DESCRIPTION OF THE TASK —
Except for images, print the whole listing verbatim.

· · ·

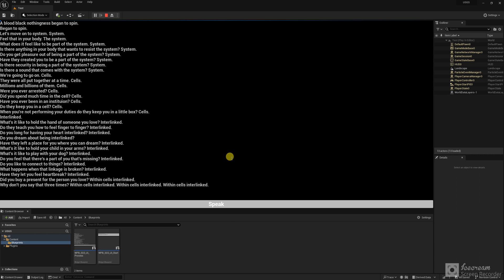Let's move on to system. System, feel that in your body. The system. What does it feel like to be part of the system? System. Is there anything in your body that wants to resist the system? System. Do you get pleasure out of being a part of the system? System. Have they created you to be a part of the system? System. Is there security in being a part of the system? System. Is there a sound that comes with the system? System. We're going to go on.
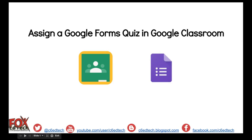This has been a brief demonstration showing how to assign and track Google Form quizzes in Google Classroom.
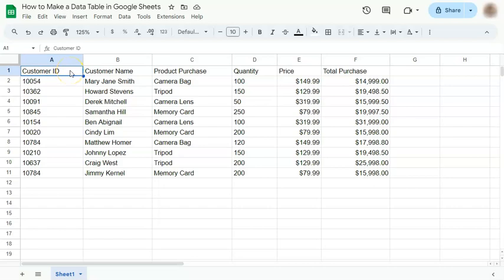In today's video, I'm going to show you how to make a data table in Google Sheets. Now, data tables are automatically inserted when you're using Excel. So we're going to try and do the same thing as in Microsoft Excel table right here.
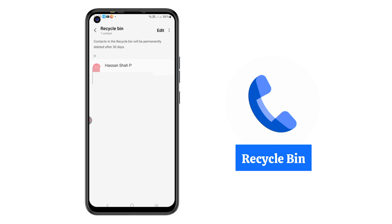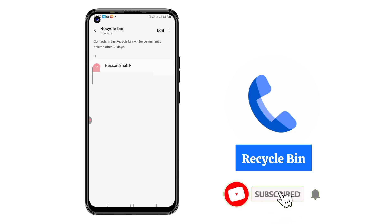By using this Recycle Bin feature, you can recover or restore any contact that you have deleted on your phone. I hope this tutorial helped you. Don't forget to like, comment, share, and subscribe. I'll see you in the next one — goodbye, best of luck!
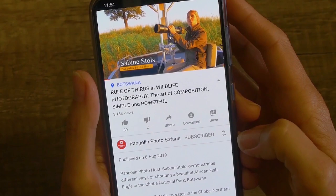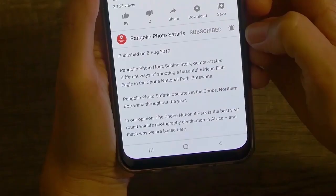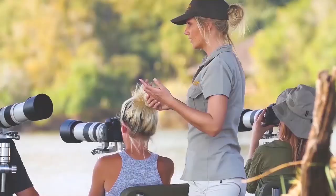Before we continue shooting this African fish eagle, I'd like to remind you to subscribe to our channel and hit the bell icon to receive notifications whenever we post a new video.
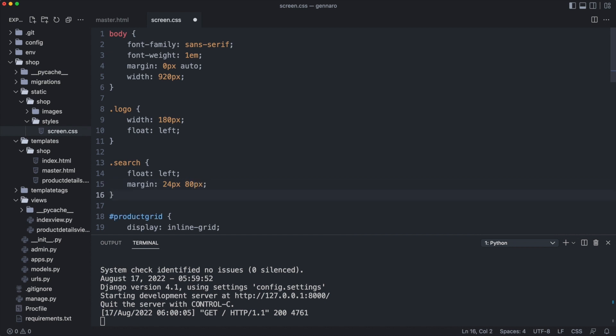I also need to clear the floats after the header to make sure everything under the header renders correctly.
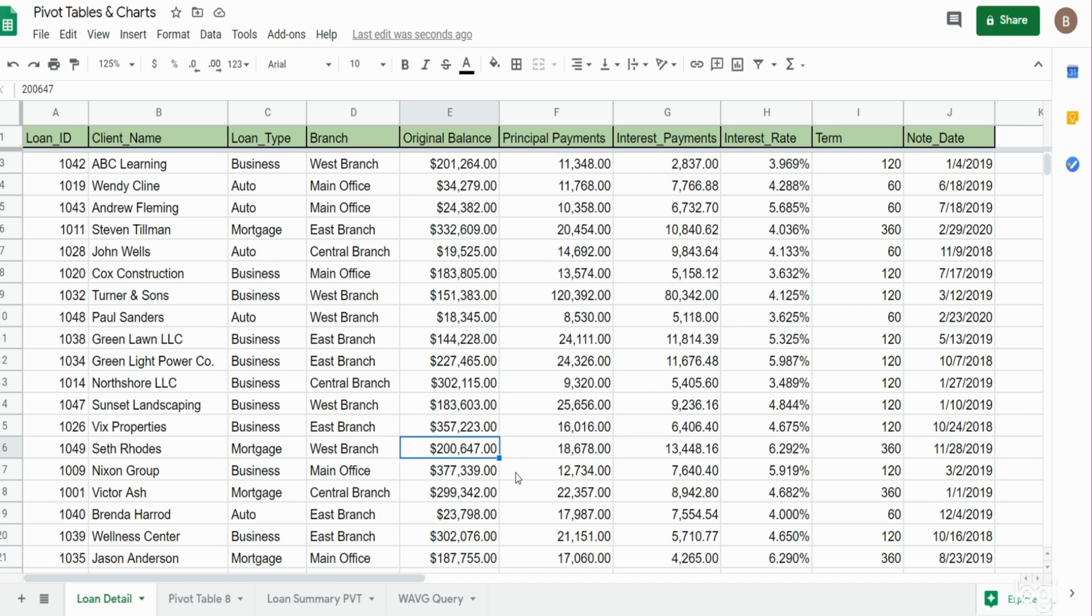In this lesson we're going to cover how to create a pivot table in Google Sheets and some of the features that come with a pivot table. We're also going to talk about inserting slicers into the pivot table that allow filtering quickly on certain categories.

· · ·

RESPONSE TO THIS EXERCISE —
Let's move on to system. System, feel that in your body. The system. What does it feel like to be part of the system? System. Is there anything in your body that wants to resist the system? System. Do you get pleasure out of being a part of the system? System. Have they created you to be a part of the system? System. Is there security in being a part of the system? System. Is there a sound that comes with the system? System. We're going to go on.
This has been a brief demonstration showing how to assign and track Google Form quizzes in Google Classroom.
In today's video, I'm going to show you how to make a data table in Google Sheets. Now, data tables are automatically inserted when you're using Excel. So we're going to try and do the same thing as in Microsoft Excel table right here.
By using this Recycle Bin feature, you can recover or restore any contact that you have deleted on your phone. I hope this tutorial helped you. Don't forget to like, comment, share, and subscribe. I'll see you in the next one — goodbye, best of luck!
Before we continue shooting this African fish eagle, I'd like to remind you to subscribe to our channel and hit the bell icon to receive notifications whenever we post a new video.
I also need to clear the floats after the header to make sure everything under the header renders correctly.
In this lesson we're going to cover how to create a pivot table in Google Sheets and some of the features that come with a pivot table. We're also going to talk about inserting slicers into the pivot table that allow filtering quickly on certain categories.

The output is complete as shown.